Given the scheme's complexity, former Socialist Prime Minister Michel Rocard, who chaired the panel, said he did not know if it would in fact be ready in 2010. 

"The best would be for it to be ready in 2010 but it's true that all these details [...] are complicated," he told French radio earlier on Tuesday. 

The opposition Socialists supported the proposal but said companies should be prevented from passing the costs on to households, and that people living in areas where they had to use cars should not be disproportionately punished. 

Business associations, on the other hand, worry that the tax may hurt their competitiveness. 

"The carbon tax should not be an umpteenth tax used for filling up the state coffers," small business union CGPME said in a statement. 

Sweden, which holds the rotating European Union presidency, will soon present an EU-wide carbon tax plan. Sweden, Denmark and Norway already have carbon taxes in place and China has been studying the idea. 

(EurActiv with Reuters.

Positions: 

Olivier Rousse, a researcher at the Centre de recherche en économie et droit de l'énergie  (Creden) told EurActiv France that a global CO2 market would be more effective than a carbon tax. 

Rousse argues that the consumer should not pay twice the price of CO2, to which the Rocard initiative would lead as he sees it. 

"This contribution [the Rocard report] has no link whatsoever with the existing CO2 market. But in fact the carbon tax should concern only sectors uncovered by the European emissions allowances market. Today, this market covers 40% of the CO2 emissions in the EU, mainly in the electricity sector, petrol refineries, cement factories, paper industry and metallurgy […] The price of electricity already includes the CO2 price. We should not make the consumer pay the price twice," Rousse said. 

Background: 

Since the early 1990s, there have been several attempts to introduce a unitary carbon tax for all EU member states. 

But an EU carbon tax has never materialised, as member countries have been unwilling to render national competence on taxation to the EU. Moreover, the countries worst affected by the ongoing financial crisis, including Spain and Ireland, argued that they would be hit harder by the tax than more industrialised member states. 

France, however, recently set the ball rolling to introduce a carbon tax in 2011, anticipating support for Sweden's plans to make implementing such a scheme at EU level the priority of its upcoming six-month turn at the bloc's helm (EurActiv 12/06/09). 
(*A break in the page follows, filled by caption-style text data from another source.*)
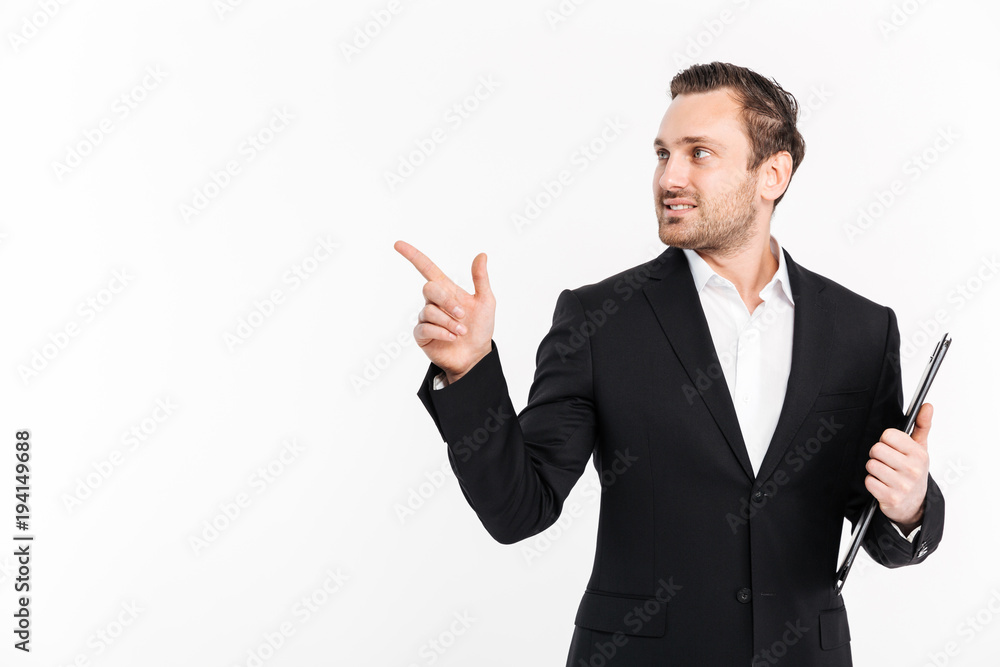 Successful businessman wearing black suit pointing finger aside and posing with folder in hand, isolated over white background copy space Successful businessman wearing black suit pointing finger aside and posing with folder in hand, isolated over white background copy space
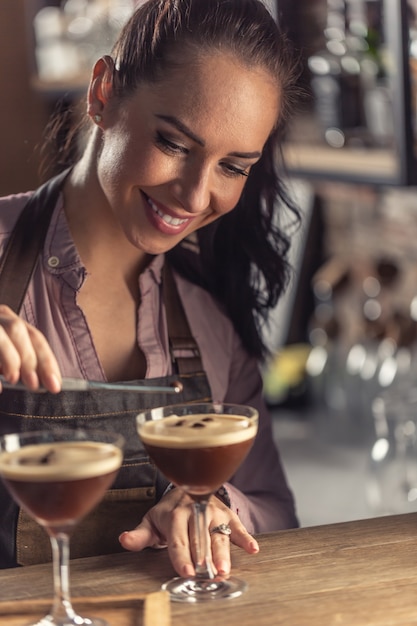 Barman umieszcza ziarna kawy na wierzchu koktajlu espresso martini.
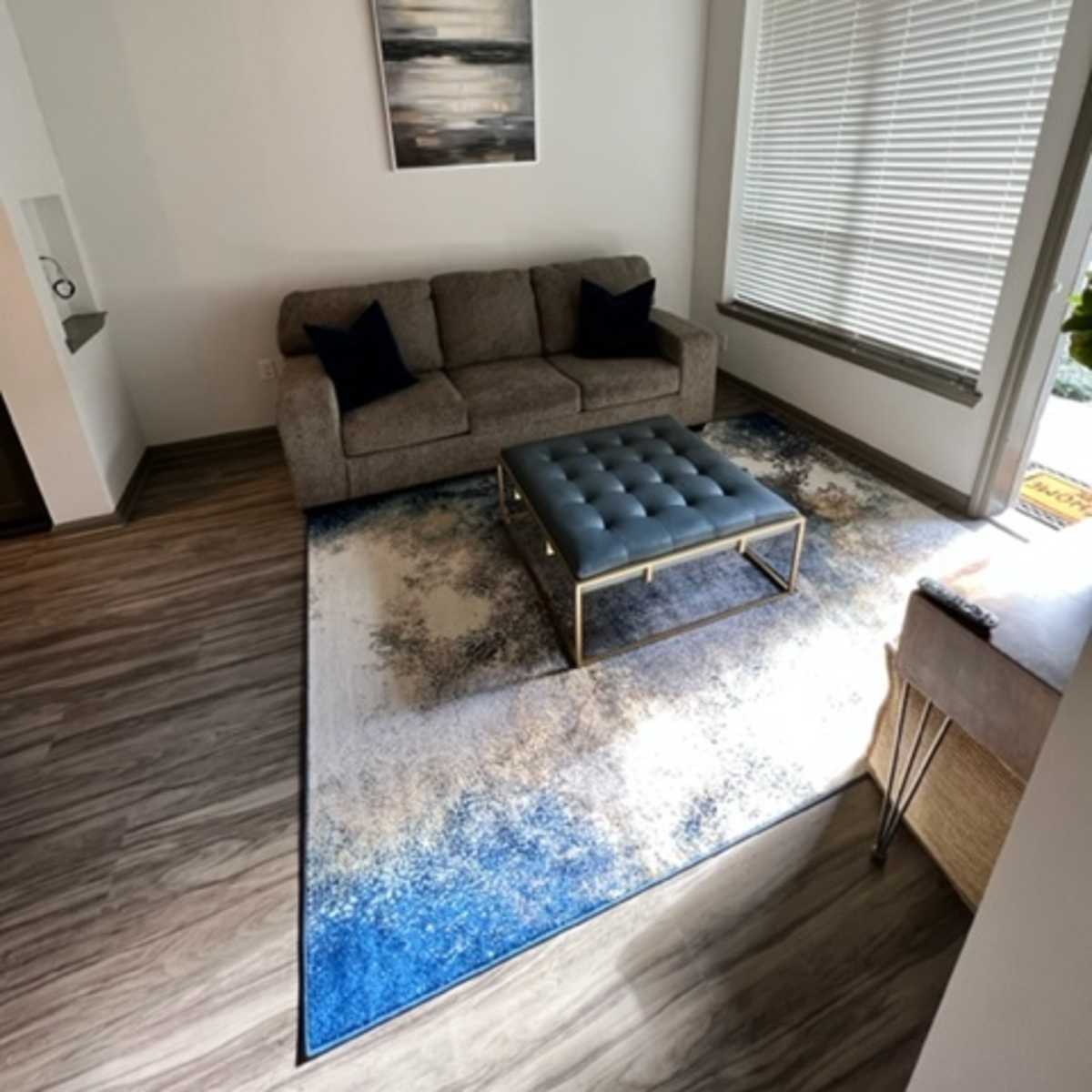 A modern living room features a gray sofa, a blue tufted coffee table, and a large area rug with a blue and beige design under a corner window with blinds.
Details of the Rocard proposal: 

  • Under the recommendations, France would bill 32 euros for every tonne of carbon dioxide (CO2) emitted in 2010 and raise the levy progressively to 100 euros per tonne by 2030, an increase of 6% a year, adjusted for inflation. 
  • The tax would add 7-8 cents to the price per litre of petrol from the beginning, and raise heating and cooking gas prices by about 15%. 
  • The cost per household would vary. A family of two parents with children living in a new house in a rural area might pay an extra 303 euros a year. A single parent family in a modest apartment in a big city like Paris could pay 78 euros. 
  • The tax, divided roughly equally between households and businesses, would raise around 8-9 billion euros for the state budget. 
  • The report did not present a final recommendation on how to treat electricity generation and other energy-intensive industries already covered by European Union emission quotas. 
  • The report, overseen by former Socialist Prime Minister Michel Rocard, is only the start of a wider consultation process and the government will need to endorse the conclusions before legislation is introduced after the summer break. 
  • The report also recommends that some households should benefit from partial and temporary offsetting measures. These would aim to help households in remote suburbs or the countryside, or people who work at night when there is no public transport. 
  • The report does not rule out the possibility of compensating the sectors of the economy that would be most affected by the move, notably truck drivers and farmers.